Desenhar as letras e fazer tarefas mais repetitivas são ações que passaram de aborrecidas a fazerem parte de uma lista que se executa e que nos torna mais competentes para ler e fazer cálculos. A leitura e a escrita são utilizadas quando ele me faz a lista de compras ou lê a quantidade de farinha que existe na embalagem, por exemplo. A aprendizagem tem sempre uma utilidade. No final da manhã, brincam os dois, guardam o material e ajudam a preparar o almoço. Ao escrever estas palavras sinto-me irritante porque parece perfeito, mas descansa, não é.
Ainda tenho de pedir ao meu filho para se concentrar e relembrar à mais velha outras coisas. Mas, no final do dia, quando percorro as imagens desde o acordar até ao dormir, a sensação – que é uma interpretação subjetiva, claro – é muito positiva. Os miúdos estão, a cada dia que passa, mais cooperantes e responsáveis. Para além disso, estão a fazer uso de todos os jogos e brinquedos que têm, inventam brincadeiras e deixam-nos trabalhar. É possível que outro pai se sentisse, em nossa casa e nas nossas circunstâncias, completamente desgastado e cansado. Depende do ponto de vista.
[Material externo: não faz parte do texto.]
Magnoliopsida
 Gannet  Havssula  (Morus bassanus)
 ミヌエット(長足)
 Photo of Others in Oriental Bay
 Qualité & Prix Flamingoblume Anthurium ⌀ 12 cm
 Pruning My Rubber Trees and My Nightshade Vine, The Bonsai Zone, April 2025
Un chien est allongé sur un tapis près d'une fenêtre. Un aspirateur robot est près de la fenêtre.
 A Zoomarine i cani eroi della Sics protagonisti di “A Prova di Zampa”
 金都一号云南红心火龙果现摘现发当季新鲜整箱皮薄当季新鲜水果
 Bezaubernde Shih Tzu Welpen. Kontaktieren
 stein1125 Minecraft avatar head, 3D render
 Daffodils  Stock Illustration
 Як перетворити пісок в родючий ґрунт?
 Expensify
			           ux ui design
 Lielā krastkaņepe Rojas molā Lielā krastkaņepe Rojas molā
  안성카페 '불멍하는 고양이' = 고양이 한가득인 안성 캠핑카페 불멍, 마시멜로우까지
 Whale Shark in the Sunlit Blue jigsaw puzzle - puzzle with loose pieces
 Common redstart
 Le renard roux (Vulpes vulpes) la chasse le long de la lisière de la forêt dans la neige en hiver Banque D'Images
O segredo, qual foi? Creio que a clareza do ambiente que eu gostaria de criar em casa e ter procurado torná-lo real, através dos meus comportamentos e das opções dadas. Ao mesmo tempo, ter decidido com os miúdos quais eram as rotinas e o compromisso foi, seguramente, uma das melhores decisões.
Dizem que a quarentena é uma excelente oportunidade para ensinarmos todas estas coisas aos nossos filhos. E eu não podia estar mais de acordo.